#### EXERCISE:
Return the whole listing unchanged. Drop the images.

╭─ GIVEN RECORDS

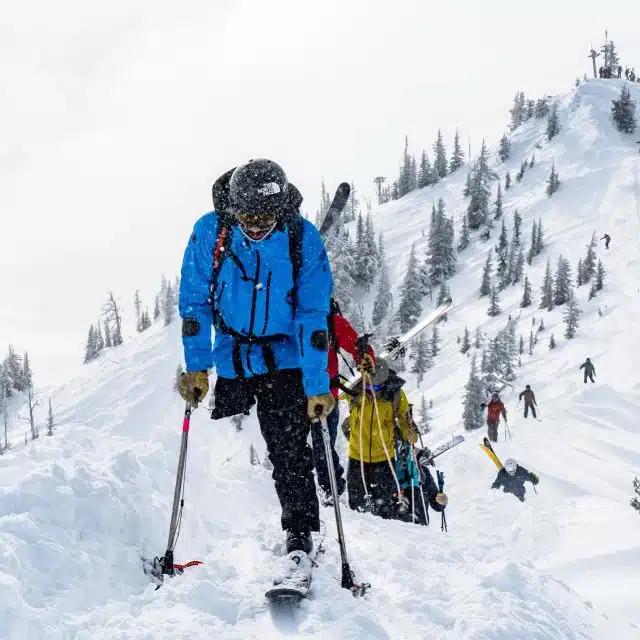 Skier and accessibility activist Vasu Sojitra on a snowy mountain
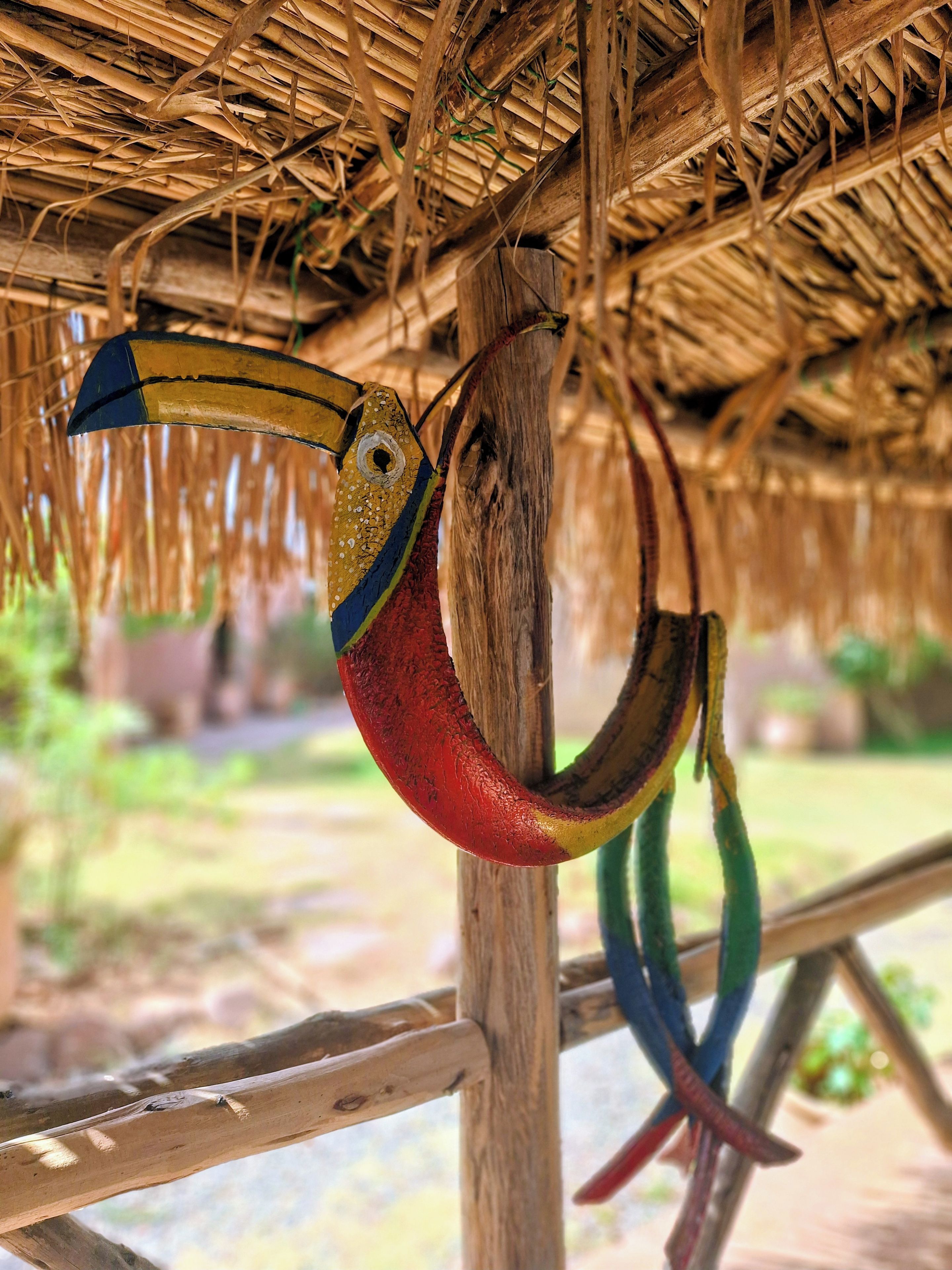 Une construction rustique en bois, dotée d’un toit de chaume et décorée de motifs colorés représentant des poissons.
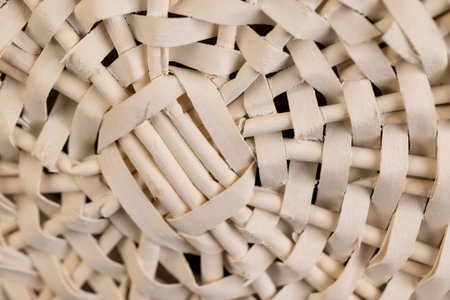 a white wicker basket for food or other items, natural branches painted white from which a...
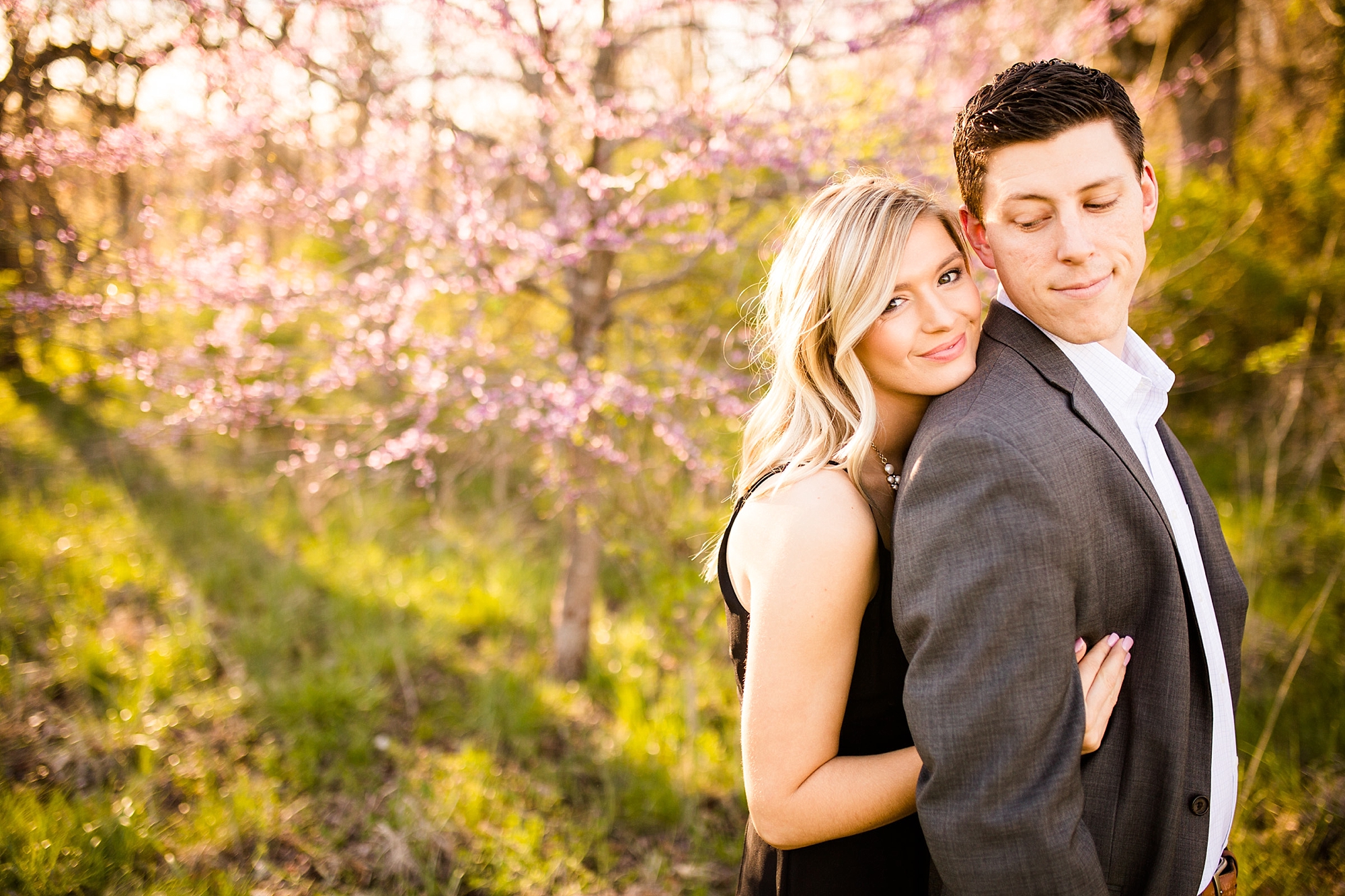 Dressy Couple taking Spring Engagement Photos in St. Louis 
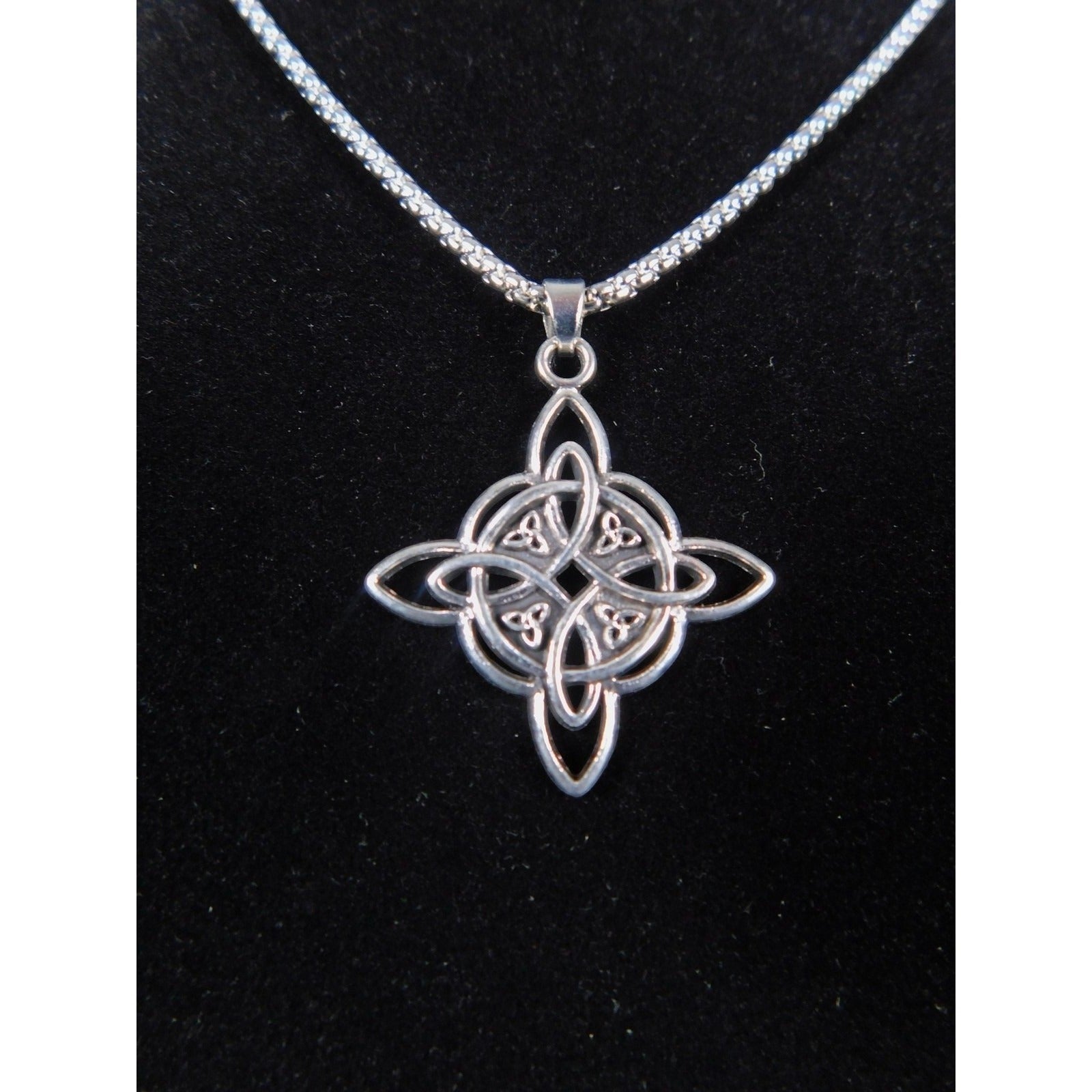 The Witches' Quest silver tone Celtic knot pendant necklace with an intricate openwork design on a box chain.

╰─

#### ANSWER TO THE EXERCISE:
 Skier and accessibility activist Vasu Sojitra on a snowy mountain
 Une construction rustique en bois, dotée d’un toit de chaume et décorée de motifs colorés représentant des poissons.
 a white wicker basket for food or other items, natural branches painted white from which a...
 Dressy Couple taking Spring Engagement Photos in St. Louis 
 The Witches' Quest silver tone Celtic knot pendant necklace with an intricate openwork design on a box chain.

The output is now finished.